To Be Alive & to Be Human

I think there's something about pain. Pain wears us down, and then teaches us something. It's not always a good thing that it teaches us, mind you, but sometimes it exposes our true selves to us. 

You'd be surprised at the discomfort upon a vulnerable, truthful answer to the careless, passing "How are you?" we so loosely toss around by habit (as if it's any more comfortable for you that that question causes you to ugly cry because the truth is: you're a mess). I found myself with no tolerance for the blank stares, or the weakly masked panic at the realization that they don't know what to say, but they don't want me to get emotional...Get over it. I'm going to get emotional when you ask how I am the week (or 3) after ending a serious relationship.
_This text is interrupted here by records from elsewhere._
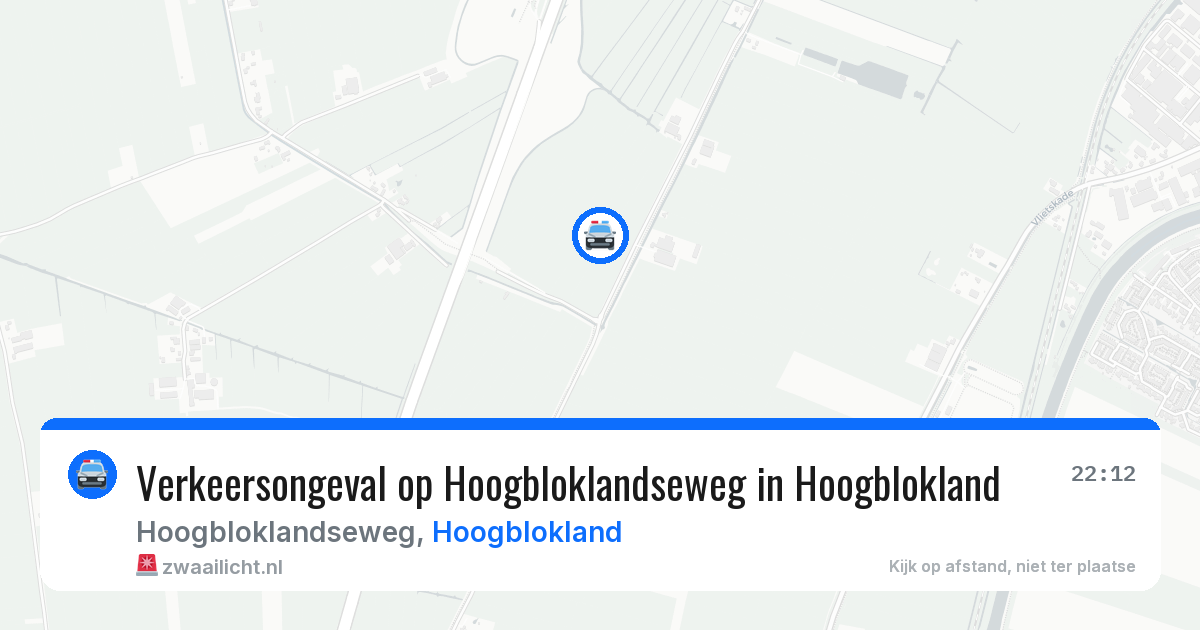 Verkeersongeval op Hoogbloklandseweg in Hoogblokland — 19 apr 2026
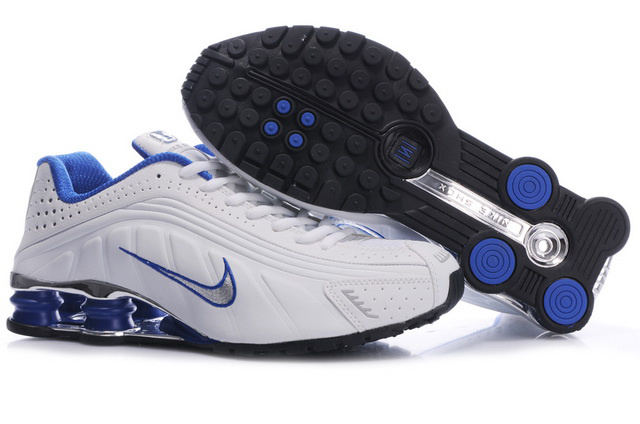 Nike Shox R4 Chaussures 692BQ41 2014 Blanc Royal Bleu Homme
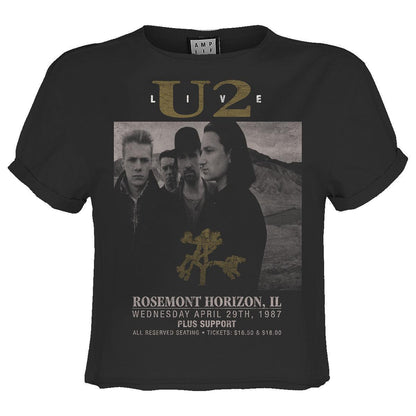 Charcoal - Front - Amplified Womens-Ladies Live U2 Crop Top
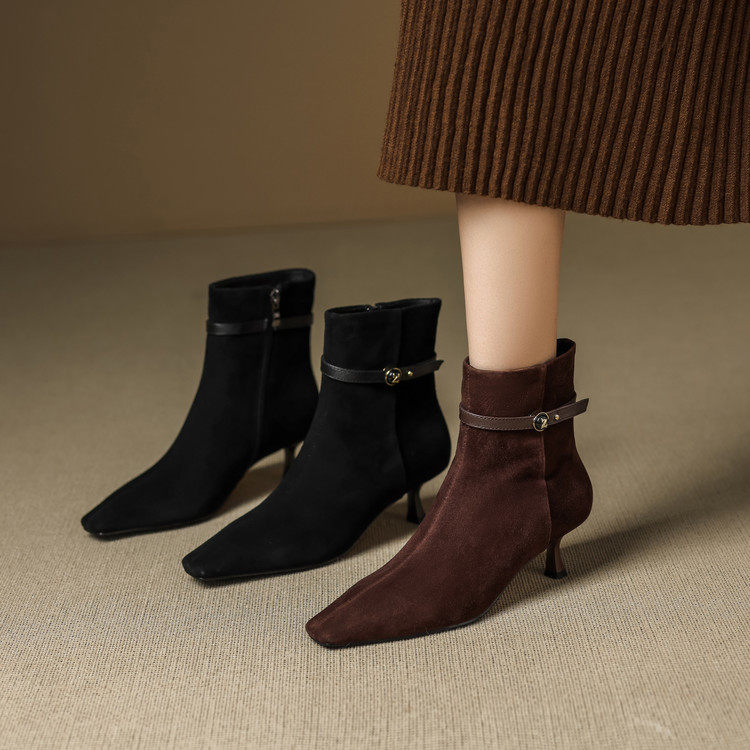 超软真皮小短靴女秋冬季真皮细跟高跟鞋尖头法式软底不累脚瘦瘦靴,户外/登山/野营/旅行用品,登山鞋/徒步鞋,淘宝优惠券,粉丝福利购,淘宝优惠卷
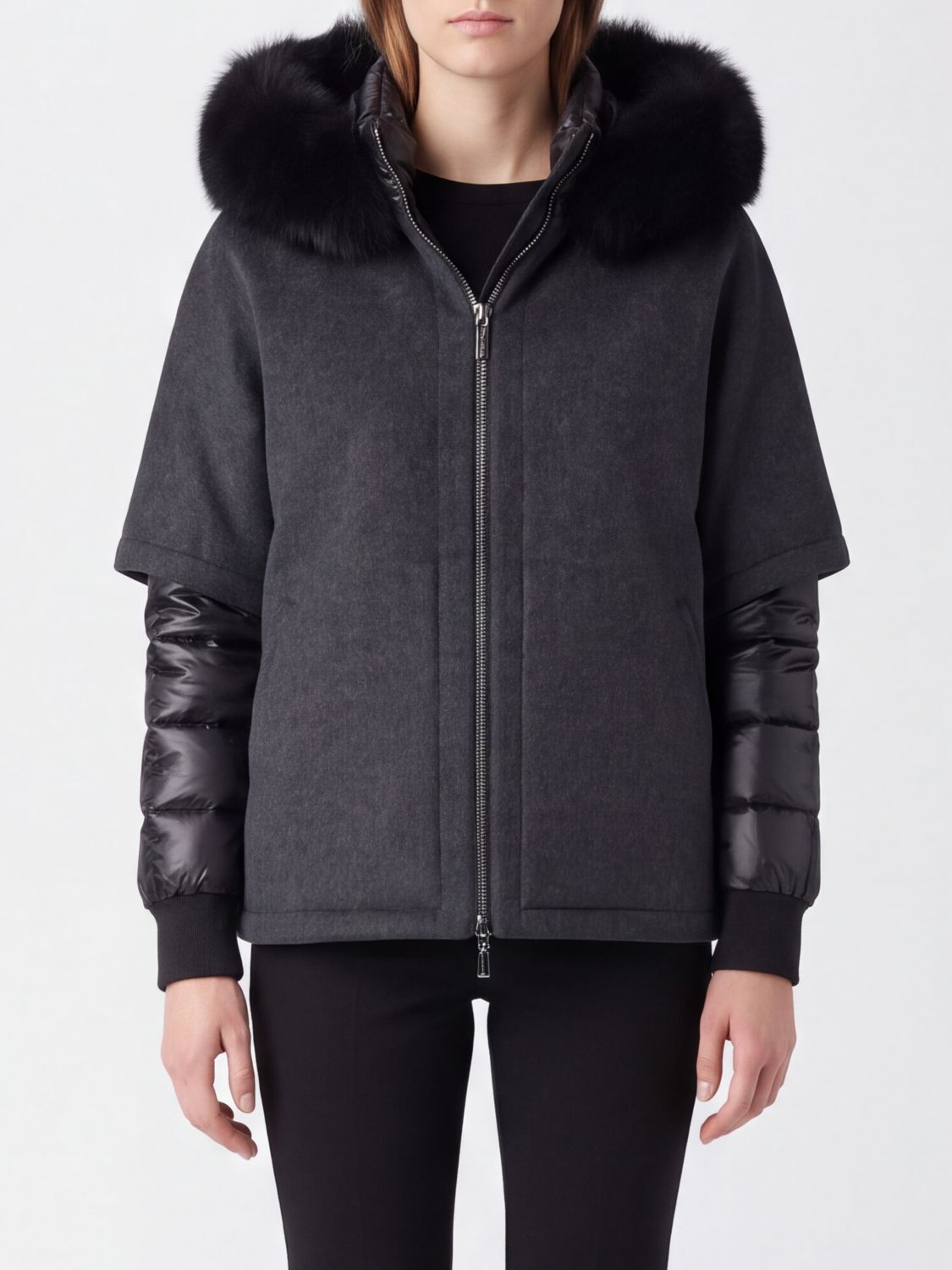 Moorer Short Wool and Cashmere Coat with Shearling Hood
I am one to be honest with my feelings. They are not invalid or unimportant (and anyone who tells you they are is probably not emotionally healthy), but they also don't run my life. I haven't always been this way, and I'm not always successful in it. It's taken some learning that they serve a purpose as well as some unlearning that they're harmful. Having emotions and feelings is to be alive and to be human. Managing them and listening to them well is to be wise.
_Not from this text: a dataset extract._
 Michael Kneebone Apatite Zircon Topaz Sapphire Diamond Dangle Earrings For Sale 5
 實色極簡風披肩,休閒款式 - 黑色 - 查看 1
In pain, you learn the balance: I am not okay, but I need to be in it for a bit so that I come out the other side healthy. If I brush my feelings aside or pretend they don't exist, I'm not moving through them and processing them - I'm letting them build up and likely trip me up later on, when they rear their ugly head due to life's lovely pressures.

Yet somehow, this is something so many of us fail at, so often. We even create a society where we're so uncomfortable with people's pain, we either ignore it or try to throw a bandaid on a bullet wound, so as to move on from the pain. That's one of the worst parts to me about processing the pain I'm in. I'm not afraid of it, I know I can't ignore it, and frankly the first few weeks of this, I haven't wanted to. Even a little less than two weeks from the great shaking in my life, I got the impression that many people wanted not to deal with my pain anymore, all the while it is still incredibly real to me. I wake up every day to it seemingly staring me in the face, as if the very reality had tapped me on the shoulder and dryly growled, "G'morning..."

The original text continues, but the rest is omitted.